• Exercise
Shown below is a listing with pictures; reproduce exactly, and only, the lines between the ones containing "Prompt: plague doctor" and "Teal and Brown Mini Skirt (L)", inclusive, leaving the pictures out.

[[ Task inputs, beginning ]]

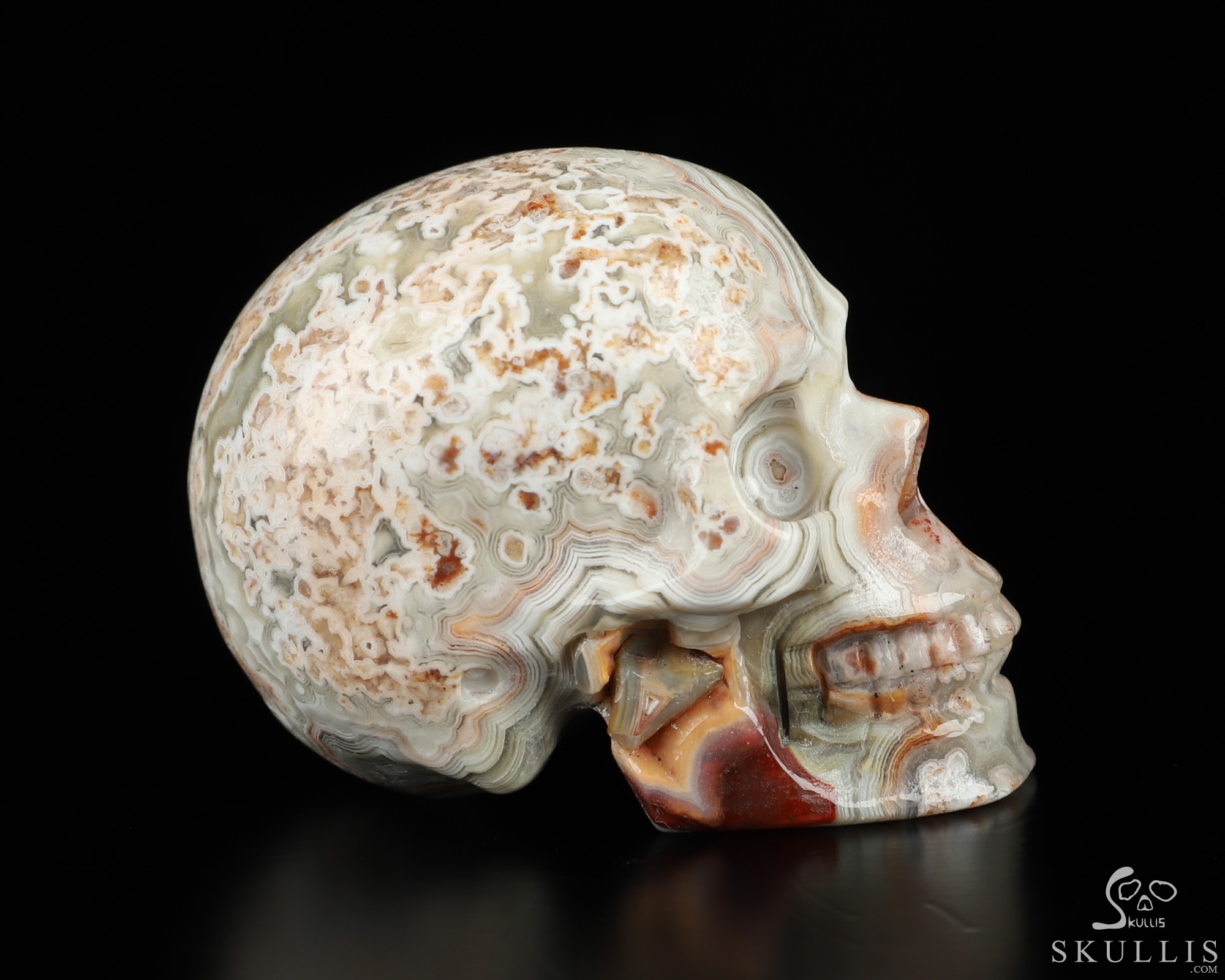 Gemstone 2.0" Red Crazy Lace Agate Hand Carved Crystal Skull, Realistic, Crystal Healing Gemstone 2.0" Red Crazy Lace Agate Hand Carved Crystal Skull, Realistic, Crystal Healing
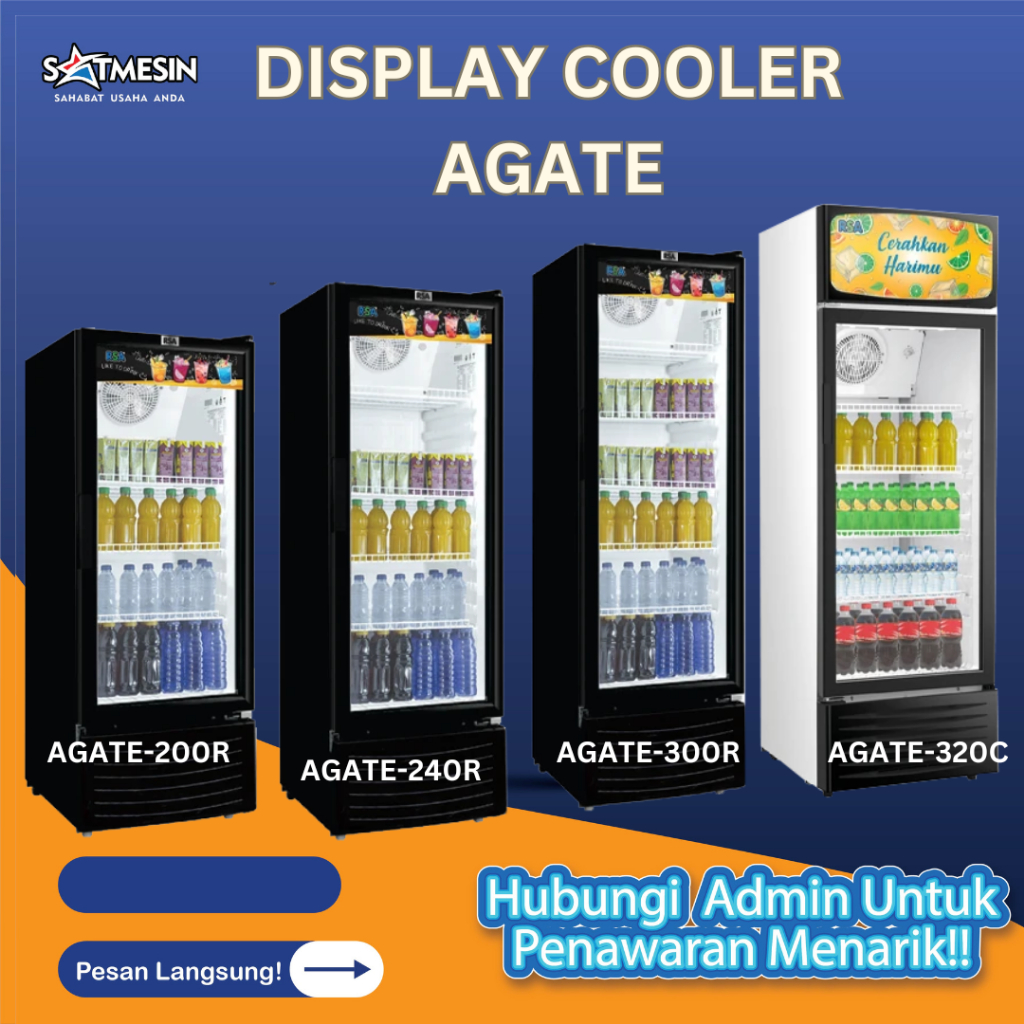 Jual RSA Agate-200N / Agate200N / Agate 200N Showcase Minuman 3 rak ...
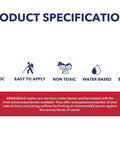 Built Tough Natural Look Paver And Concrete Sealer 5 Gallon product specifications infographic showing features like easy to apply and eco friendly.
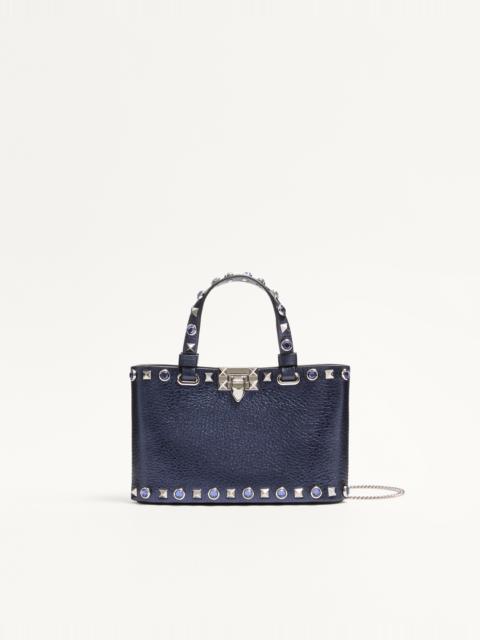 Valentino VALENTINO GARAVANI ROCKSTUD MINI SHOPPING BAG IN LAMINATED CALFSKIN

[[ Task inputs, end ]]
[[ Task inputs, beginning ]]

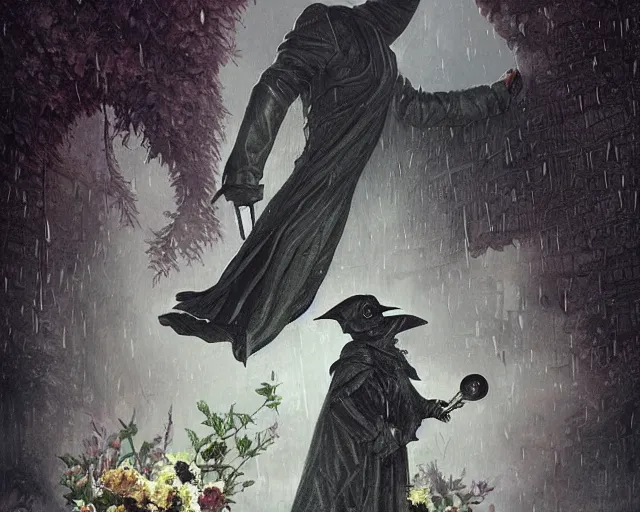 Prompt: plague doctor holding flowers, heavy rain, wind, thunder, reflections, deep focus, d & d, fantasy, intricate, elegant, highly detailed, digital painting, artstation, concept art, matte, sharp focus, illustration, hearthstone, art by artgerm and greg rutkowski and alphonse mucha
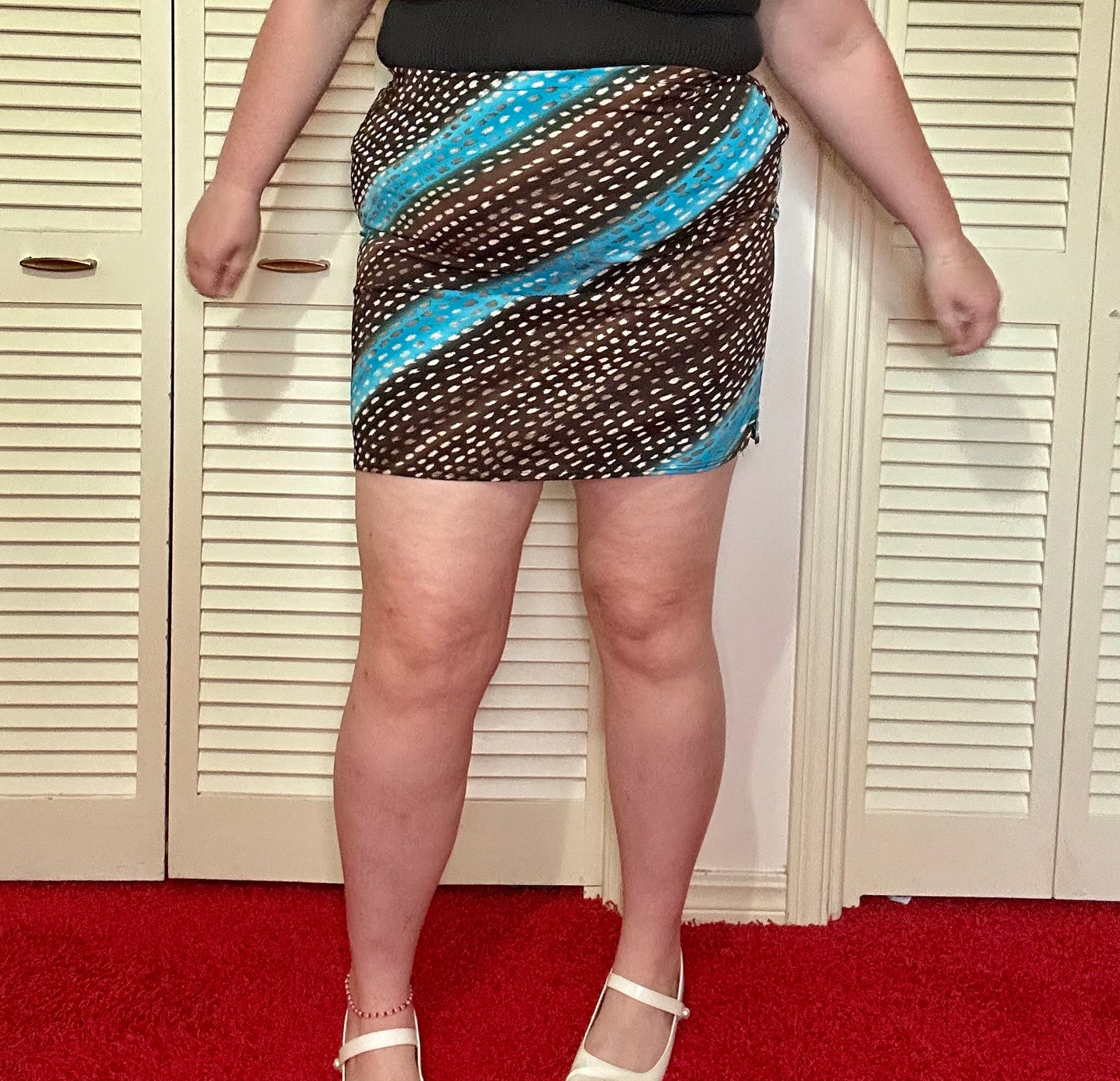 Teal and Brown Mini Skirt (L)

[[ Task inputs, end ]]

• Solution
 Prompt: plague doctor holding flowers, heavy rain, wind, thunder, reflections, deep focus, d & d, fantasy, intricate, elegant, highly detailed, digital painting, artstation, concept art, matte, sharp focus, illustration, hearthstone, art by artgerm and greg rutkowski and alphonse mucha
 Teal and Brown Mini Skirt (L)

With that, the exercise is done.